▶ Activity
Return each line of the listing in which the word "para" appears.

-----

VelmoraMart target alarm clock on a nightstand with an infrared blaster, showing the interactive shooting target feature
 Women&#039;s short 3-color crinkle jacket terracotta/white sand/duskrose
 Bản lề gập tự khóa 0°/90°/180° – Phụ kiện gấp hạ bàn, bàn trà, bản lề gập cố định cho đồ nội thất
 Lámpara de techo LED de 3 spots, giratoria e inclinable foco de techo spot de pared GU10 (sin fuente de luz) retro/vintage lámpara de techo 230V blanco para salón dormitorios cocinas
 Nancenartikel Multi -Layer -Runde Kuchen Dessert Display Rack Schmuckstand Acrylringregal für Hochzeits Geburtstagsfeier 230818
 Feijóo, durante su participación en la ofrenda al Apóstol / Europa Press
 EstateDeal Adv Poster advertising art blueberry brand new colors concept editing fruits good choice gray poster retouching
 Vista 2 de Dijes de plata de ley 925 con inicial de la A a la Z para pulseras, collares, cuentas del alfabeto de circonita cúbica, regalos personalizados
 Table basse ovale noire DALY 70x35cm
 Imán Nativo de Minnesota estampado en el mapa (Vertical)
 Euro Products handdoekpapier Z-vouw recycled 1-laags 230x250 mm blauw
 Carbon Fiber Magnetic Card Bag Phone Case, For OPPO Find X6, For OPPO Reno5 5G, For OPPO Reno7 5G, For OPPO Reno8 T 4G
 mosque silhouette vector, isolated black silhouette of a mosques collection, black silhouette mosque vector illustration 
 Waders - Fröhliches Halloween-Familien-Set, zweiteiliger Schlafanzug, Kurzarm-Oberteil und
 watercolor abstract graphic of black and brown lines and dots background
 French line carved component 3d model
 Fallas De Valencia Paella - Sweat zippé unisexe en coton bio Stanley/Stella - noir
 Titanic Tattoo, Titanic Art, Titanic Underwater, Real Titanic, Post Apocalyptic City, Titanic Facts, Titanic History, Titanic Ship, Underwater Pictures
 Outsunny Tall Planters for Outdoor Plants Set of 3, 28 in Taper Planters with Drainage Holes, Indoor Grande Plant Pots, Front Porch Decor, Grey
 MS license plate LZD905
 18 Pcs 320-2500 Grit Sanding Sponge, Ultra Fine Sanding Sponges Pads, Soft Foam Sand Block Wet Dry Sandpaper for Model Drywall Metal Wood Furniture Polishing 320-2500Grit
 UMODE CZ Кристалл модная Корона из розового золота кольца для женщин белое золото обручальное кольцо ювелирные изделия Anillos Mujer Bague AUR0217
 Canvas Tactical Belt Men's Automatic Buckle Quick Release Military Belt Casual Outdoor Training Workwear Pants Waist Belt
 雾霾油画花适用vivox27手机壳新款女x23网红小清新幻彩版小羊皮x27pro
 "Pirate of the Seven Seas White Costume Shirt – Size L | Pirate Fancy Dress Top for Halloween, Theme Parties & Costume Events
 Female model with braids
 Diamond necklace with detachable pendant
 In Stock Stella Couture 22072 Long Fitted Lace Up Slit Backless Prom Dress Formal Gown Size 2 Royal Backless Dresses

-----

▶ Answer space
 Lámpara de techo LED de 3 spots, giratoria e inclinable foco de techo spot de pared GU10 (sin fuente de luz) retro/vintage lámpara de techo 230V blanco para salón dormitorios cocinas
 Vista 2 de Dijes de plata de ley 925 con inicial de la A a la Z para pulseras, collares, cuentas del alfabeto de circonita cúbica, regalos personalizados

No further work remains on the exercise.